Porte-parole de l’Association des médecins urgentistes de France (Amuf) et délégué national de la CGT santé, Christophe Prudhomme a participé au relais médiatique d’une tribune qui a provoqué beaucoup de réactions. Mardi 20 septembre 2022, l’ancienne journaliste de guerre et résistante Madeleine Riffaud signait un texte édifiant sur les conditions de sa récente hospitalisation aux urgences. Un récit glaçant sur lequel le médecin urgentiste a accepté de revenir. Pour Christophe Prudhomme, libérer la parole des patients permettra d’opérer un véritable changement.
Pourquoi était-il important pour vous que la tribune de Madeleine Riffaud puisse être médiatisée ?
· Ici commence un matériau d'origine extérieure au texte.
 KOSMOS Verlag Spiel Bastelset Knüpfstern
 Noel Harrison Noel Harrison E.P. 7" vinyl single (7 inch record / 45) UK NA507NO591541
Christophe Prudhomme : Plus il y aura de personnes, et y compris de personnalités comme Madeleine Riffaud, qui porteront les dysfonctionnements de l’hôpital sur la place publique, moins les pouvoirs publics pourront rester dans le déni. La situation est en effet totalement catastrophique. Mais les directions d’établissements, les agences régionales de santé et le gouvernement ne le reconnaissent pas. Le ministre de la Santé François Braun nous a même expliqué que les services d’urgences « avaient tenu » pendant l’été. Non, ce n’est pas vrai. L’hôpital ne tient plus. Il y a des morts toutes les semaines aux urgences. Et les soignants continuent de démissionner car ils ne supportent plus cette situation.
Que faut-il faire selon-vous pour que la situation change ?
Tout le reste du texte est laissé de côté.